OK, round two. Let's rework the algorithm to account for duplicates. This time, the first S will match any word with an S. The second S will only match words with two Ses. And so forth. As expected, this produced better results. "Aeros," "arose," and "soare" are tied for first place, with "aesir," "arise," "raise," "reais," and "serai" tied for second. 

Oddly, the worst word was "fluffy". which felt counterintuitive to me. It seems like "pzazz" or "xylyl" would be worse. But "pzazz" has 7649 matches. "Xylyl" has 5725, but "fluffy" only has 5582. 

While this is good--there's still room for improvement. the frequency with duplicate counts don't take green hits (having the right letter in the right space) into account. Green hits should be worth more than yellow. Doing some simple back-of-the-napkin guessing, a single green can be 4x as valuable as a single yellow--since for a yellow, there are still 4 places where it could go. Of course, the actual value is probably less--after all, I'd much rather get 4 yellows than a single green.

So, let's count the letter frequency for each of the five positions, and only score each letter based on the frequency in its position. This lets us sort the list based on the expected number of green hits. Unfortunately, in practice, this doesn't appear to be very helpful. "Sores," "sanes", "sales" and similar words make up the top of the list--which kinda nails home the importance of a starting S or ending ~ES, but doesn't really tell us much else. 

OK, let's combine the last two methods. this takes into account both green and yellow matches, and gives a green match twice the weight of a yellow match. Not surprisingly, these results look promising. It gives us a lot of new words with "tares," "lares," and "rales" and other words ending in ~ES jumping to the top. Also, "xylyl" finally shows up as the worst word.

We could continue to tweak the weight between the green and yellow hits--but that feels like we'd just be fine-tuning the list to match our expectations. Instead, let's take a step back and look at the problem again. 

When you make a guess, you get a lot of information. not just the green and yellow matches, but you also learnd about all the letters that can't be used, or can't be used in certain positions. So far, all of our algorithms throw away this extra information. However, it's relatively easy to filter the word list based on the greens, yellows, and nopes. 

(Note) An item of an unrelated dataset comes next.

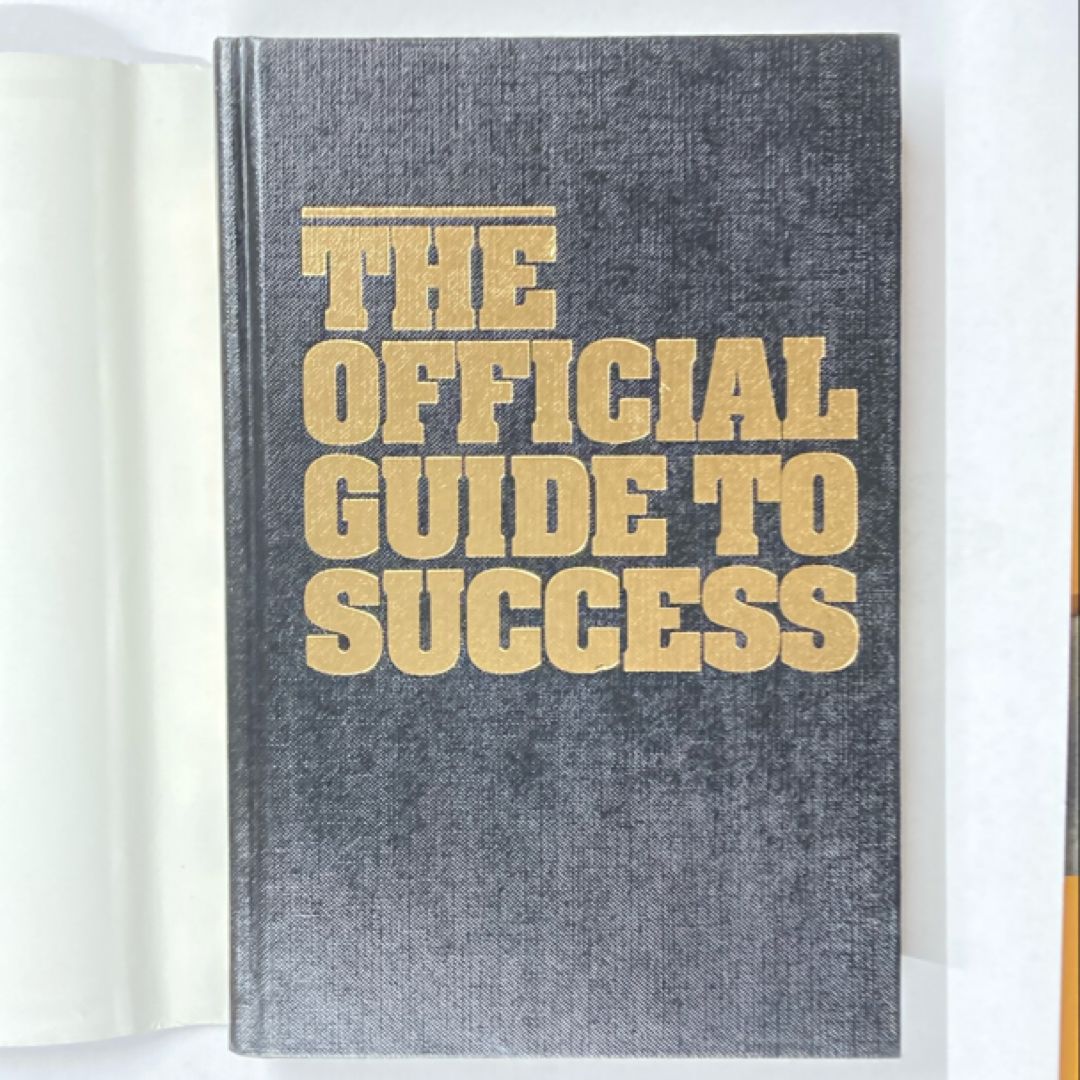 The Official Guide to Success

Here's how it works. Take any guess word. compare it to the first word in the word list, then filter the word list based on the results. Count the number of possible words remaining. Continue to check your guess word against each word in the word list, and you can calculate the average words remaining for that guess word.

This, I'd argue, gets us to a very pragmatic definition of "best word." The best word is the word that's eliminates the most words--helping us rapidly whittle down the search space. And this is easy enough to code for a single word. Unfortunately, my current version takes about 20 seconds to calculate the average remaining words for a single test word. If I wanted to do an exhaustive search to determine the absolute best word, I'd expect it to take about three days--assuming nothing went wrong during that time. 

Yes, I'd like to look at my code and see if there's any way i can squeeze out some extra performance (or any place where I'm doing something dumb)--but the sheer number of combinations and the size of the word list mean it's going to be expensive, no matter what we shave off in the margins.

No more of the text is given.